I can navigate on the machine and remove the drivers by using grup recovery mode to come back to an usable mode and use again “nouveau” driver but can’t use the GPUs.
when I’m on recovery mode “nvidia-smi” don’t find any graphic card.
I try to add a small graphic card (a quadro P600) witch is find by “nvidia-smi” so the driver installation is ok for this card (driver version 418).
I try with only one graphic card and the only change is the color of the snow (becoming purple/pink).
I try almost everything a can but nothing work for me.
Does somebody had the same problem a find a way to resolve it?
nvidia-bug-report.log.gz (585 KB)
This rather sounds like a hw failure of the gpu or some incompatibility with the mainboard.

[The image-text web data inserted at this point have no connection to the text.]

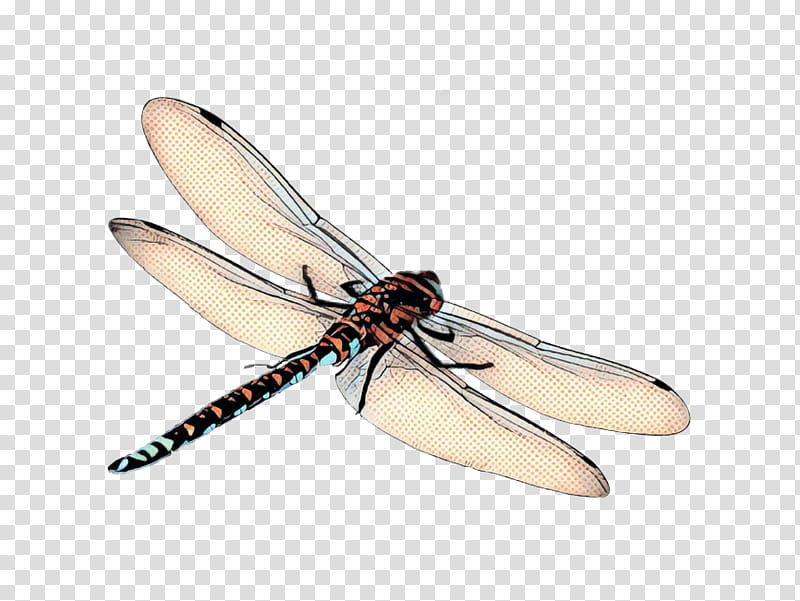 Wings, Insect Wing, Dragonfly Wings, Widow Skimmer, Skimmers, Pterygota, Dragonflies And Damseflies, Netwinged Insects transparent background PNG clipart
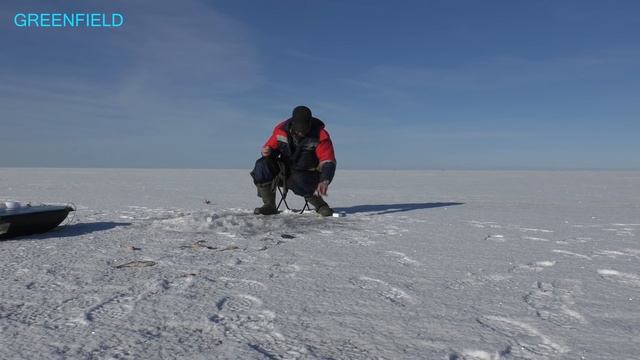 Зимняя Рыбалка Чудское Озеро д. Луневщина 18+ смотреть онлайн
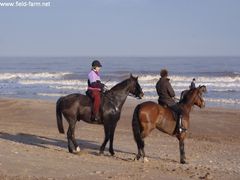 Photo - Christmas beach ride 14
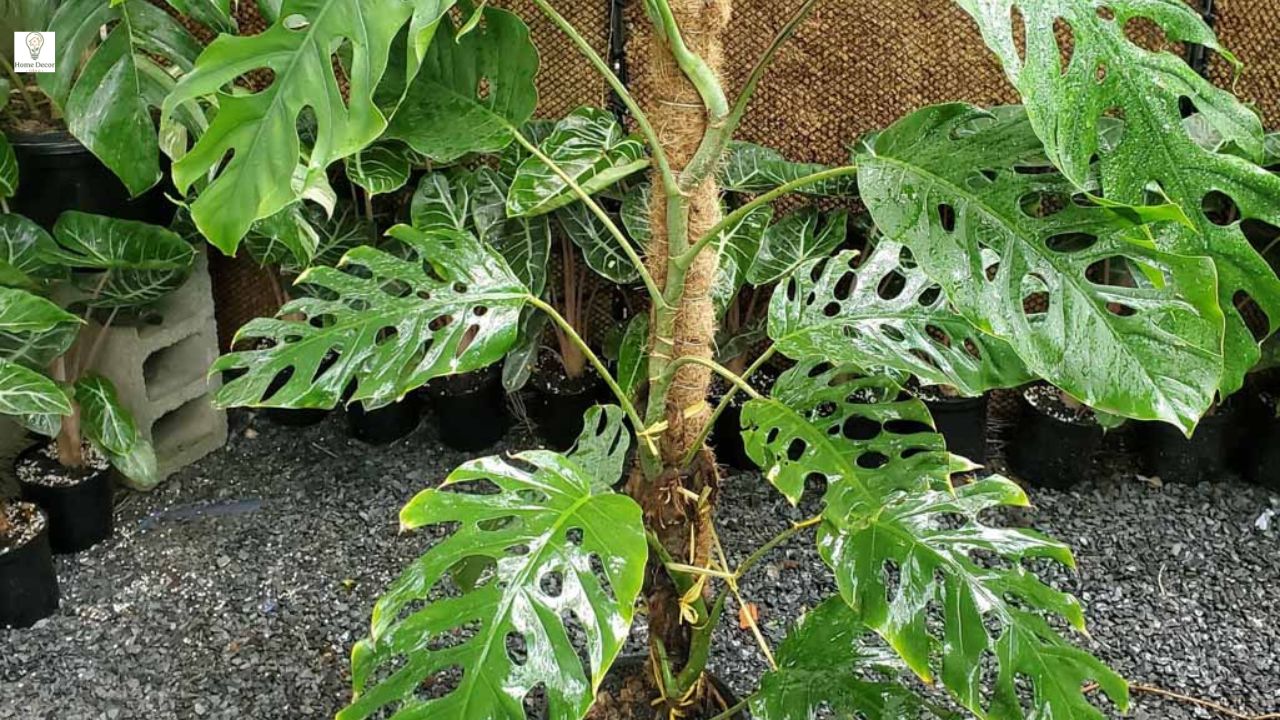 Monstera dubia Care Guide: How to Grow, Propagate & Transform Your Indoor Jungle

Please run nvidia-bug-report.sh as root and attach the resulting .gz file to your post. Hovering the mouse over an existing post of yours will reveal a paperclip icon.
To have errors logged, install the driver from ppa (it will include the nvidia-bug-report.sh script), let it crash, then either try reaching a VT (ctrl+alt+f1), use ssh or boot to recovery and run the script.
Thank you for the answer,
I add attached the nvidia-bug-report to the first message
Both 2080ti fail to initialize:
May 13 12:11:34 asr-MS-7A93 kernel: [ 275.631161] NVRM: rm_init_adapter failed for device bearing minor number 0
May 13 12:11:43 asr-MS-7A93 kernel: [ 284.111165] NVRM: RmInitAdapter failed! (0x26:0x65:1127)
May 13 12:11:43 asr-MS-7A93 kernel: [ 284.111190] NVRM: rm_init_adapter failed for device bearing minor number 1
May 13 12:11:51 asr-MS-7A93 kernel: [ 292.598253] NVRM: RmInitAdapter failed! (0x26:0x65:1127)
May 13 12:11:51 asr-MS-7A93 kernel: [ 292.598281] NVRM: rm_init_adapter failed for device bearing minor number 1
You should check them one by one to see if any of them is working when alone in the system and RMA them otherwise.
I already check them one by one (but not with lanching nvidia bug report) and they had the same comportment, so if the 2 cards have the same error I am very unlucky.
I will check and do a bug report tomorrow card by card but i would like to tests every other options before RAM them.
If you already checked them one-by-one, you should rather check them in another system, very unlikely something new would come up by testing them in the same mainboard.